As for gaming from a SSD is nice, how ever if ya one who likes reading tips on loading i hope your a fast reader .


----------



## rtwjunkie (Mar 6, 2015)

Personally, I would have just gotten the SSD and judged responsiveness from there.  Still rockin a socket 775 in the house, and once it was given an SSD it breathed new life into it.

That said, @Aquinus has had a bad experience with ASRock, but you made a good purchase in that motherboard.  My experience has been that ASRock has improved quite a bit, and they are usually the first boards I look at in a new build, making comparisons of other brands/models against them.  As long as you don't get a lower tier model, you are pretty safe.


----------



## animal007uk (Mar 6, 2015)

Nothing wrong with asrock been running my mobo almost 3 years none stop since i got and not had one single issue.


----------



## EarthDog (Mar 6, 2015)

ASRock really has arguably the best bang for the buck motherboards out a couple of generations running on the Intel side. The X77Extreme 4 was solid for the price, and now in Z97 the Extreme 6 is also quite solid. 

I always wonder why people hold grudges like that... 'I had an asrock board fail on me, years ago, so I don't like them'. That logic just makes no sense to me.


----------



## Tatty_One (Mar 6, 2015)

I started my SSD life with a SATA3 SSD in a SATA2 board (x58) without issues but did buy a PCI-E Sata3 Controller card some time later and it was without a doubt quicker, although you won't get full Sata3 speeds, it was noticeable but not by a significant margin.


----------



## Aquinus (Mar 6, 2015)

rtwjunkie said:


> Personally, I would have just gotten the SSD and judged responsiveness from there.  Still rockin a socket 775 in the house, and once it was given an SSD it breathed new life into it.
> 
> That said, @Aquinus has had a bad experience with ASRock, but you made a good purchase in that motherboard.  My experience has been that ASRock has improved quite a bit, and they are usually the first boards I look at in a new build, making comparisons of other brands/models against them.  As long as you don't get a lower tier model, you are pretty safe.


Right, my experience is from an old skt478 and skt775 board. The boards worked well in the sense that they did everything they were designed to do, but at the time things like CPU voltage control where missing when even the cheapest of boards would have it. So with that said, all the ASRock boards I had were solid, they just didn't do what I wanted them to do. Since then I've gotten MSI and ASUS boards with nothing but good experiences with both Intel and AMD.



EarthDog said:


> I always wonder why people hold grudges like that... 'I had an asrock board fail on me, years ago, so I don't like them'. That logic just makes no sense to me.
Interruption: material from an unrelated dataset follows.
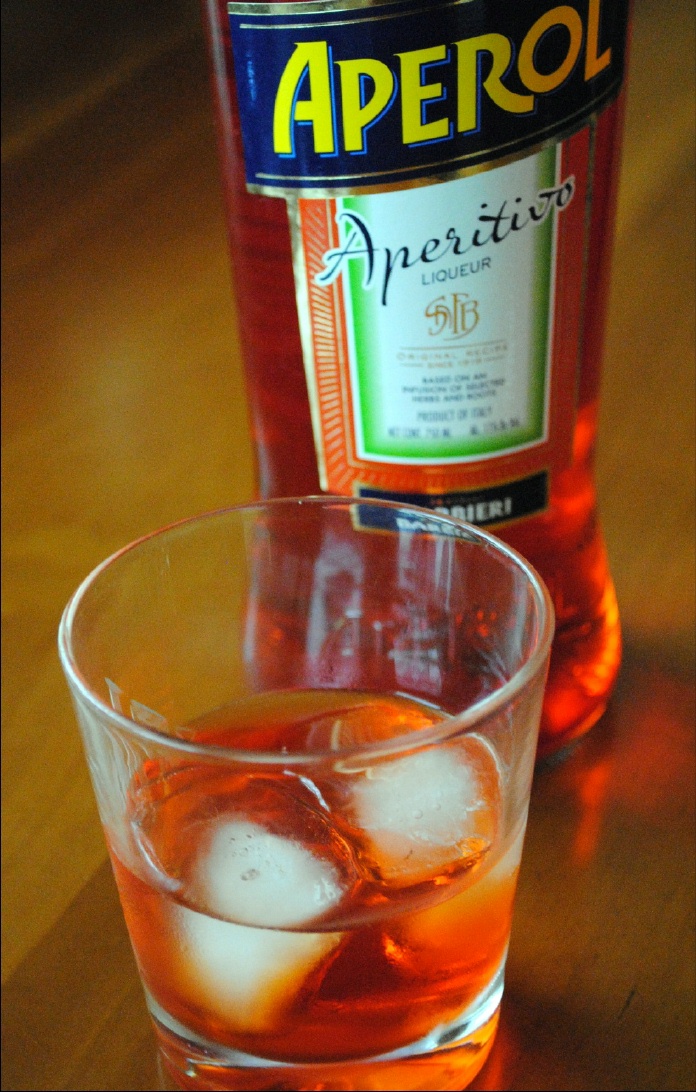 Aperol bottle with a glass of Aperol on the rocks.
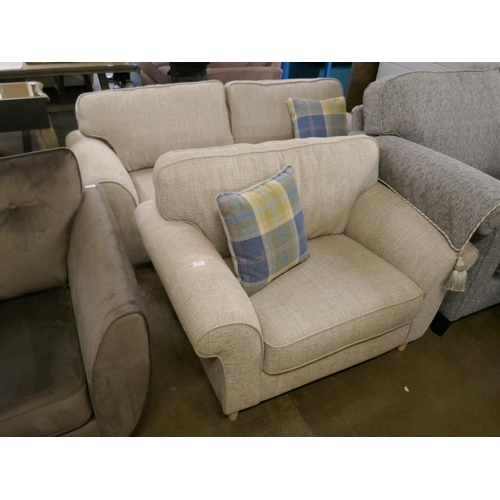 3054 - An oatmeal compact three seater sofa and armchair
It's not that I don't like ASRock. It's just that I know ASUS and MSI from my own experience has delivered good products, so why deviate from something I know from experience works for me? That's all I'm trying to get at.


----------



## EarthDog (Mar 6, 2015)

Well that makes more sense when its said like you meant it. 

But across YEARS and multiple chipsets to not consider them... just not me I guess.


----------